Heart injury in severe COVID-19 linked to higher death risk of death

Credit: CC0 Public Domain

In a new study, researchers found that heart damage is prevalent among patients hospitalized with COVID-19 and is associated with a higher risk of mortality.

More specifically, a serious heart injury can triple the risk of death.

The research was conducted by Mount Sinai scientists.

There has been a lot of speculation about how COVID-19 affects the heart and blood vessels, and with what frequency.

This study may help to shed some light on this.

In the study, the team analyzed electronic health records of nearly 3,000 adult patients with confirmed positive COVID-19 admitted to five New York City hospitals.

Roughly 25% of the patients had a history of heart disease (including coronary artery disease, atrial fibrillation, and heart failure) and roughly 25% had heart disease risk factors (including diabetes or hypertension).

The team found that 36% of patients who were hospitalized with COVID-19 had elevated troponin levels—which represents heart injury—and were at higher risk of death.

They found patients with milder forms of myocardial injury were associated with a lower likelihood of hospital discharge and a 75% higher risk of death compared to patients with normal levels.
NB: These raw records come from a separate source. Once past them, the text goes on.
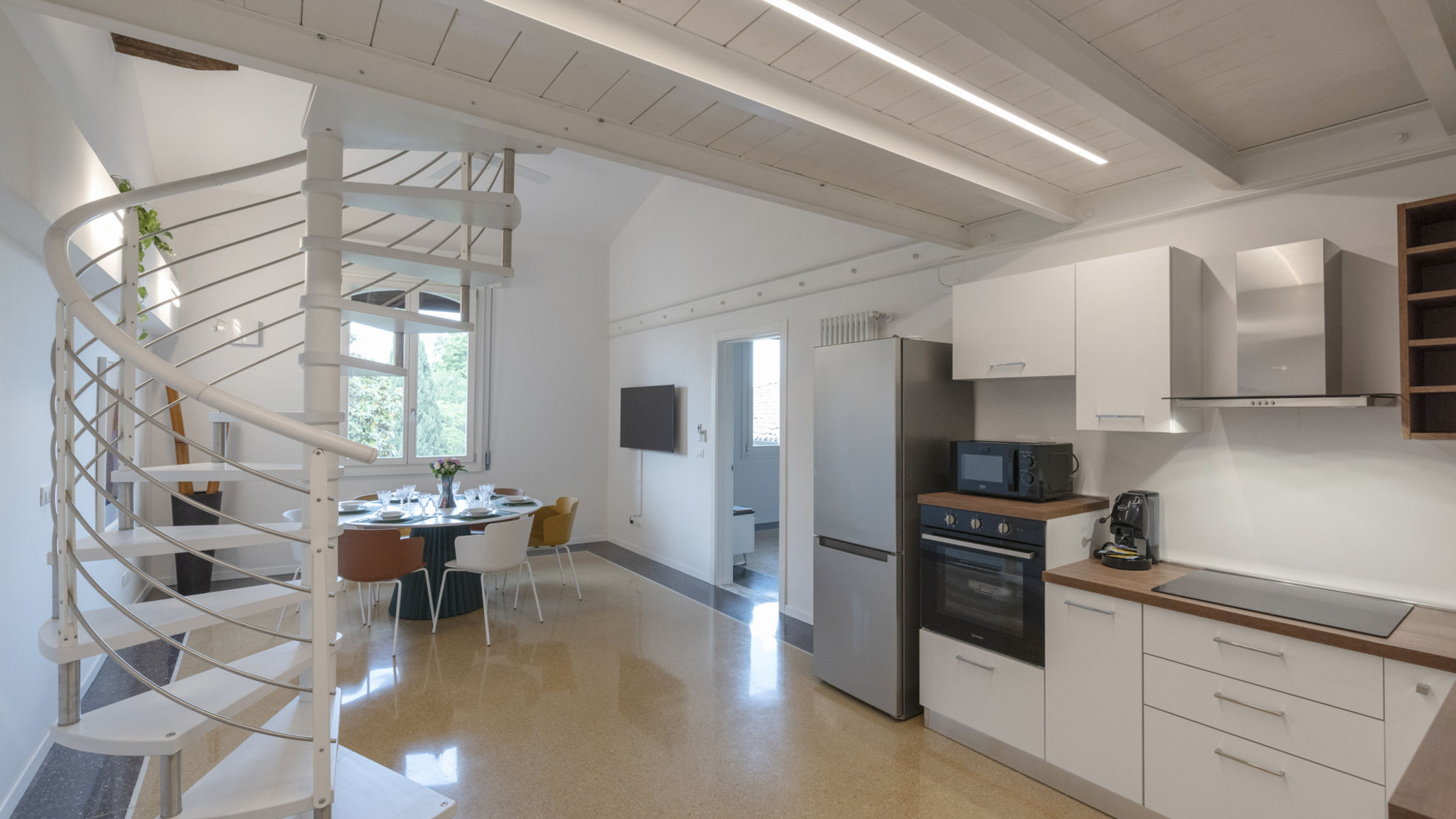 Italianway Bologna Testoni5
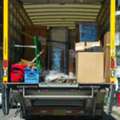 KHAN MOVERS AND PACKERS ALL KSA AND GULF STATES
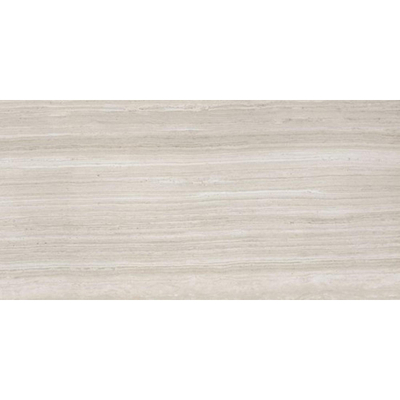 Douglas Jones Magnum Carrelage de sol - 60x120cm - 6.0mm - rectifié - Stonewood
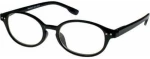 EYELEAD Ε159 Γυαλιά Πρεσβυωπίας Mαύρο Κοκκάλινο 2.75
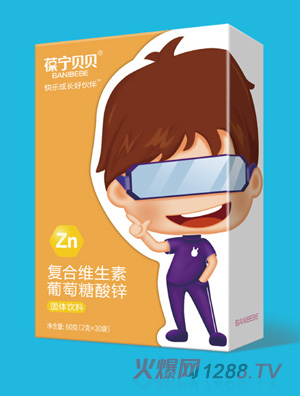 �ጎؐؐ��(f��)�ϾS�������������\���w���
For those with substantial injury, their risk of death was three times higher than COVID-19-positive patients without heart injury.

These findings, which are consistent with reports from China and Europe, are important for clinicians.

The team says if COVID-19-positive patients arrive in the emergency room and their initial test results show troponin levels are elevated, doctors may be able to better triage these patients and watch over them more closely, but this remains a testable hypothesis.

The lead author of the study is Anu Lala, MD, Assistant Professor of Medicine (Cardiology) at the Icahn School of Medicine at Mount Sinai.

The study is published in the Journal of the American College of Cardiology.